Revue hebdomadaire des principaux facteurs influençant les marchés financiers.

Nicolas Blanc, Responsable de l’Allocation chez Ellipsis AM

Le dilemme de la BCE

L’ampleur inattendue de la reprise en zone euro et la relative fermeté de l’inflation donnent des arguments aux membres du Conseil de la BCE hostiles à la poursuite du QE.

En effet, une approche classique, de type règle de Taylor, conduirait la banque centrale à préparer sans tarder le marché à l’idée d’un tapering prochain. Plus pragmatiquement, la hausse récente de l’euro – une force récessive et déflationniste – tendrait plutôt à repousser à plus tard ces annonces délicates. L’annonce structurante, annoncée par Draghi pour l’automne, pourrait donc prendre place plutôt à la réunion suivante. Elle devrait logiquement consister en une diminution à venir du rythme des achats assortie d’un allongement du programme mais avec un terme final en 2018.

Dans cette perspective, les niveaux de taux réels devraient subir une pression haussière (ils sont aujourd’hui inférieurs à -100bp sur le 10 ans allemand) avec la diminution de l’accommodation monétaire.
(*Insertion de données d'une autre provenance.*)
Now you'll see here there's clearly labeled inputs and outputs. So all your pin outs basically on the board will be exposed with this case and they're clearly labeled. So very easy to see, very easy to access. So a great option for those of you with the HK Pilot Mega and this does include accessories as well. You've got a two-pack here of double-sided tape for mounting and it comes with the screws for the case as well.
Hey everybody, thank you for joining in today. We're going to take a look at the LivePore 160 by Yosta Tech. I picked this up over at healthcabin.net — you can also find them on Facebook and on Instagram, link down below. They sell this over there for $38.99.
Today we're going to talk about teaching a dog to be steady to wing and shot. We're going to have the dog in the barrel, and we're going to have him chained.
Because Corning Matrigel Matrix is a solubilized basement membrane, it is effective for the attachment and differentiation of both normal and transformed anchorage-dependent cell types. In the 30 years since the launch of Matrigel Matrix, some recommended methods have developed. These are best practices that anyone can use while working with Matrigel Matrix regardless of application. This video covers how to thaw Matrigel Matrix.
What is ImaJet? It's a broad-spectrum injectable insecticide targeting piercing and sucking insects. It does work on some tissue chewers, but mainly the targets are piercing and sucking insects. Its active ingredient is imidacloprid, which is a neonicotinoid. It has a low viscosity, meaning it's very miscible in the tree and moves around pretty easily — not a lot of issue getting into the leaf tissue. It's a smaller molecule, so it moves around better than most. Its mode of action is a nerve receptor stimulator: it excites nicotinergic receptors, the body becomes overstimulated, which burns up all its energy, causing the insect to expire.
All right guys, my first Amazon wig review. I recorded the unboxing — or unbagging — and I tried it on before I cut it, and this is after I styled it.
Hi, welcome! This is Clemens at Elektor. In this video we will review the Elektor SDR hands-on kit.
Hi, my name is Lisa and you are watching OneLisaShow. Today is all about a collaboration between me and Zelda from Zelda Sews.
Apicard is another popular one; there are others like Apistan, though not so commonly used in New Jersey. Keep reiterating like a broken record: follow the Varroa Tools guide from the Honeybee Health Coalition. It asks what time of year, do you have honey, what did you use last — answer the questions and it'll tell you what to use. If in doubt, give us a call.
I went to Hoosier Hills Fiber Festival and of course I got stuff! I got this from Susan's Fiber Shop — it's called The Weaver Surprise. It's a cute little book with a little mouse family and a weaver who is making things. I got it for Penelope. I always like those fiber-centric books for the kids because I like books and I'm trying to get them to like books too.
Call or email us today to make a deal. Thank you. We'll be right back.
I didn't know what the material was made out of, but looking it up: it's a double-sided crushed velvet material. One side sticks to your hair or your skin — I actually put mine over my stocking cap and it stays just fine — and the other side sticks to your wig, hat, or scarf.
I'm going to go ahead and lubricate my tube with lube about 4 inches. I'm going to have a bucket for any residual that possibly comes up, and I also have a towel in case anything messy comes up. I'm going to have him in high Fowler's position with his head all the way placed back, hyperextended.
Toutefois, plusieurs éléments devraient assurer une transition douce :

  • la prudence coutumière de la BCE,
  • les réactions de marché, qui sont perturbées par le stock de liquidité (avec une réaction assez peu anticipatrice),
  • un effet de courbe de Phillips inexistant, qui devrait maintenir l’inflation basse et
  • l’exposition importante des bilans périphériques à la hausse des taux.

 

Une révision du GDP qui devrait conforter la Fed

La révision du PIB américain au T2 fait apparaitre un momentum solide de la demande domestique, tant de la consommation (+2.28% de contribution) que de l’investissement (+0.85%). En dépit de la faiblesse du dollar, la révision à la hausse des exports est marginale. Au regard des derniers indicateurs avancés, l’activité économique américaine devrait encore s’établir au-delà de son potentiel cette année, à l’image de son marché de l’emploi toujours en expansion, ce qui devrait conforter la Fed dans ses intentions de réduction de son bilan, et ce malgré l’absence de tensions visibles sur l’inflation. La Fed réduirait ainsi son risque de démarrage trop tardif de cette opération, sans trop impacter l’activité.

 

Le marché est-il trop complaisant avec le risque coréen ?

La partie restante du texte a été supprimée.